WORK REQUEST —
Every line of the records must be repeated exactly; pictures stay out.
Top of SUPPLIED DATA
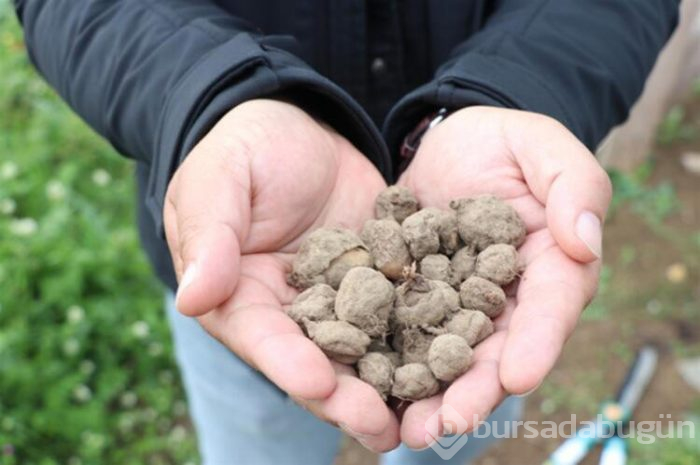 Çiftçinin yüzünü güldüren ürün salep oldu. 500 metrekarede 20 bin lira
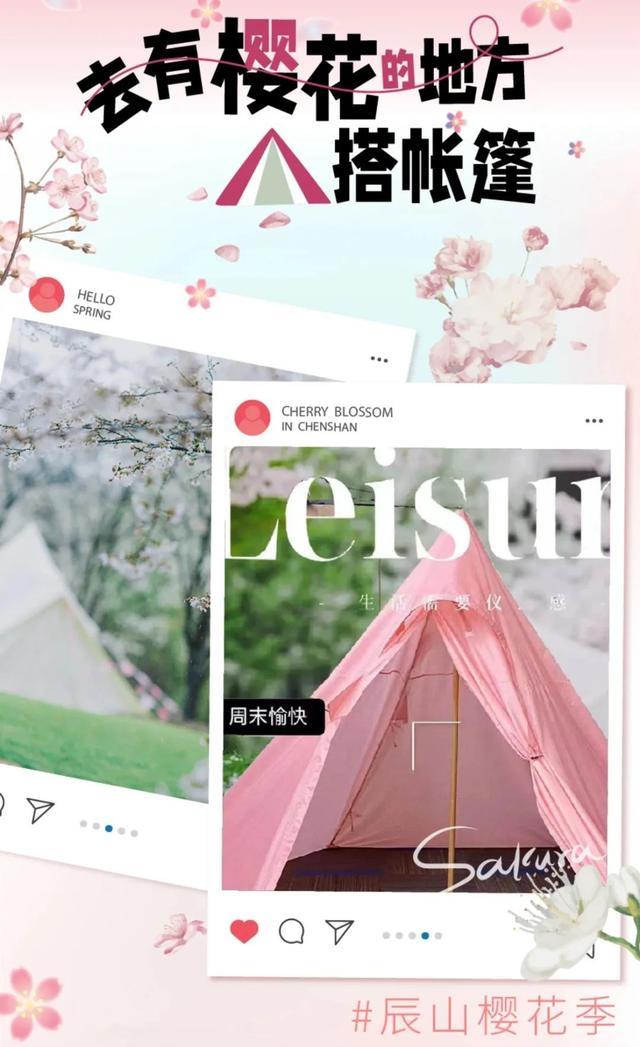 可以租梯子，允许搭帐篷……樱花季到来，上海这个公园开启“宠粉模式”！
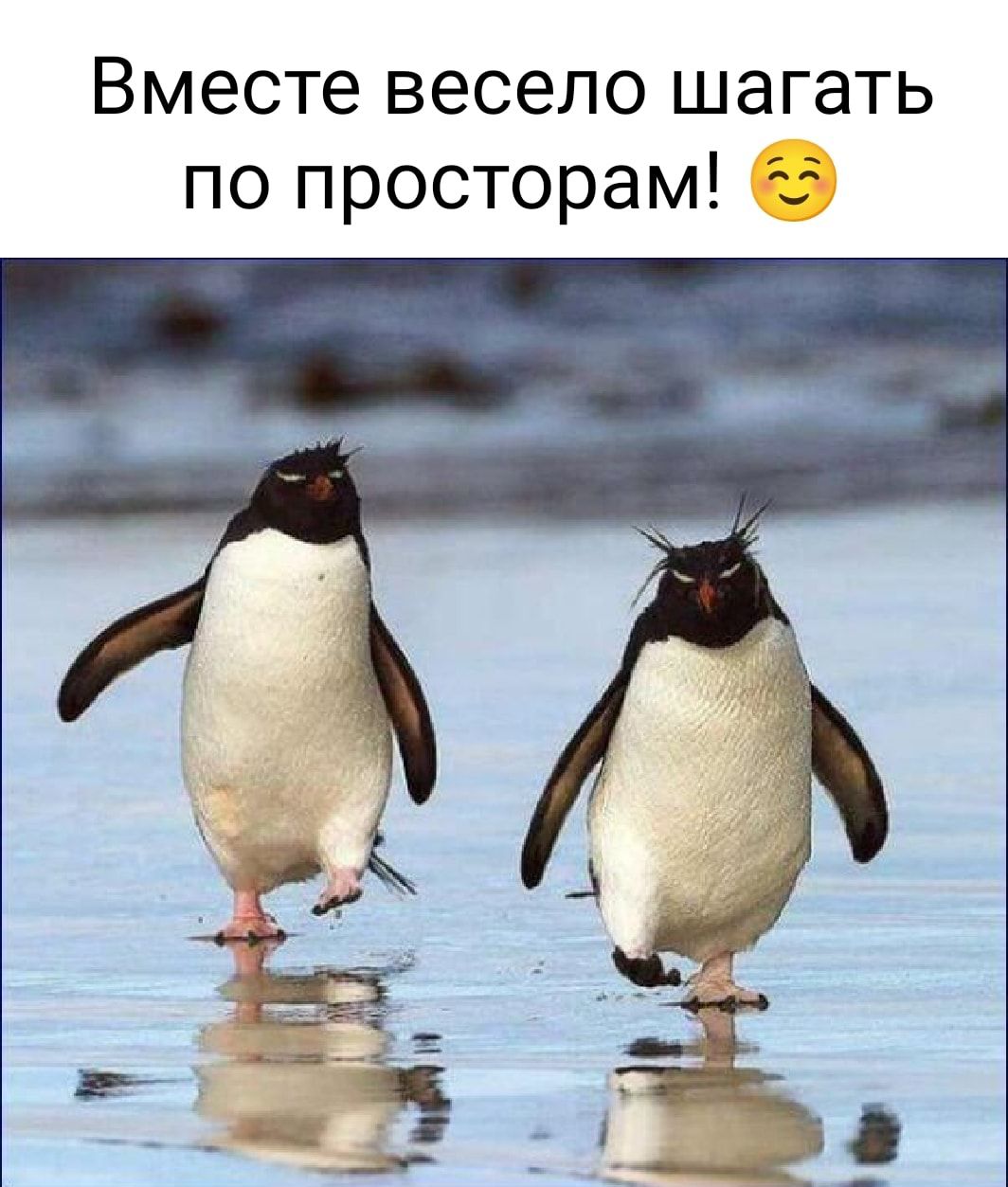 Вместе весело шагать по просторам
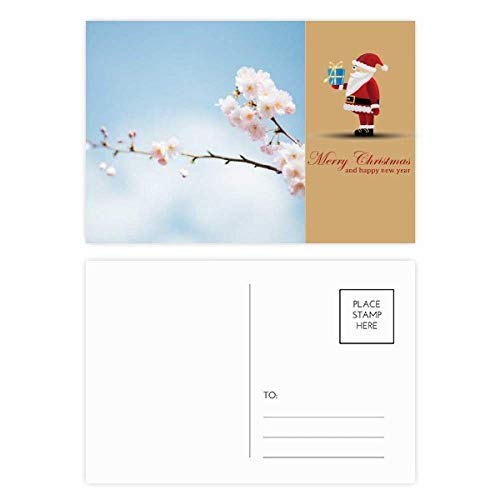 Cartes postales fleurs de prunier bleu ciel lot de 20 pour correspondance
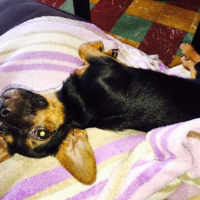 Photo #257827 de Kenza 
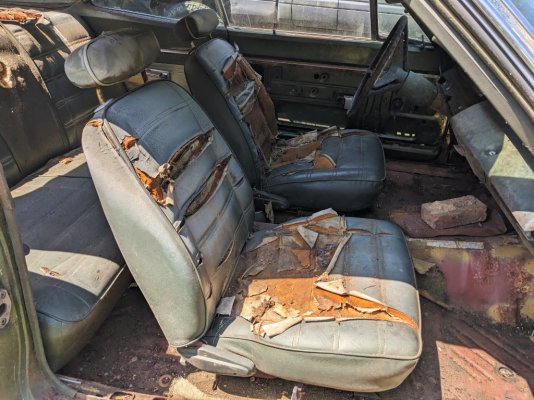 PXL_20250412_162813588.jpg PXL_20250412_162813588.jpg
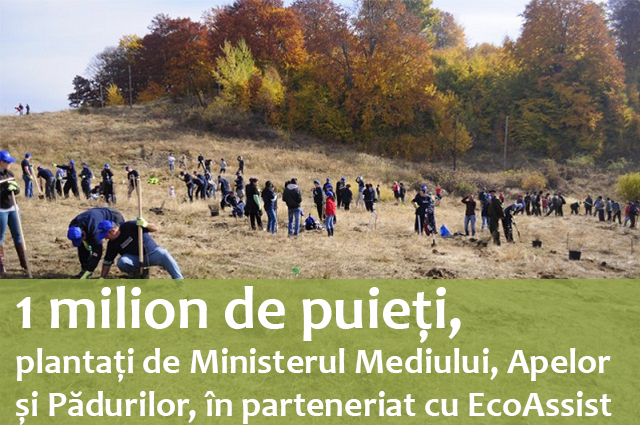 1 milion de puieți, plantați de Ministerul Mediului, Apelor și Pădurilor, în parteneriat cu Asociația EcoAssist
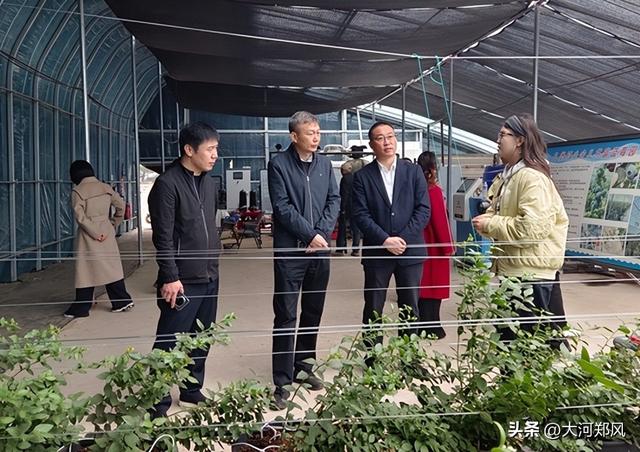 中牟新成立两家微短剧拍摄基地 以竖屏方式展示历史与文化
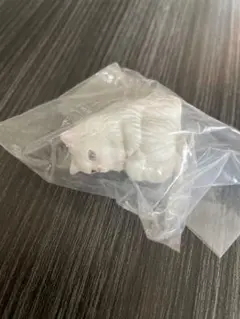 まちぼうけ 白ねこ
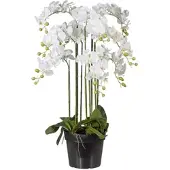 P&b Kunstblume Orchidee ca. 110cm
Bottom of SUPPLIED DATA
ANSWER SECTION —
 Çiftçinin yüzünü güldüren ürün salep oldu. 500 metrekarede 20 bin lira
 可以租梯子，允许搭帐篷……樱花季到来，上海这个公园开启“宠粉模式”！
 Вместе весело шагать по просторам
 Cartes postales fleurs de prunier bleu ciel lot de 20 pour correspondance
 Photo #257827 de Kenza 
 PXL_20250412_162813588.jpg PXL_20250412_162813588.jpg
 1 milion de puieți, plantați de Ministerul Mediului, Apelor și Pădurilor, în parteneriat cu Asociația EcoAssist
 中牟新成立两家微短剧拍摄基地 以竖屏方式展示历史与文化
 まちぼうけ 白ねこ
 P&b Kunstblume Orchidee ca. 110cm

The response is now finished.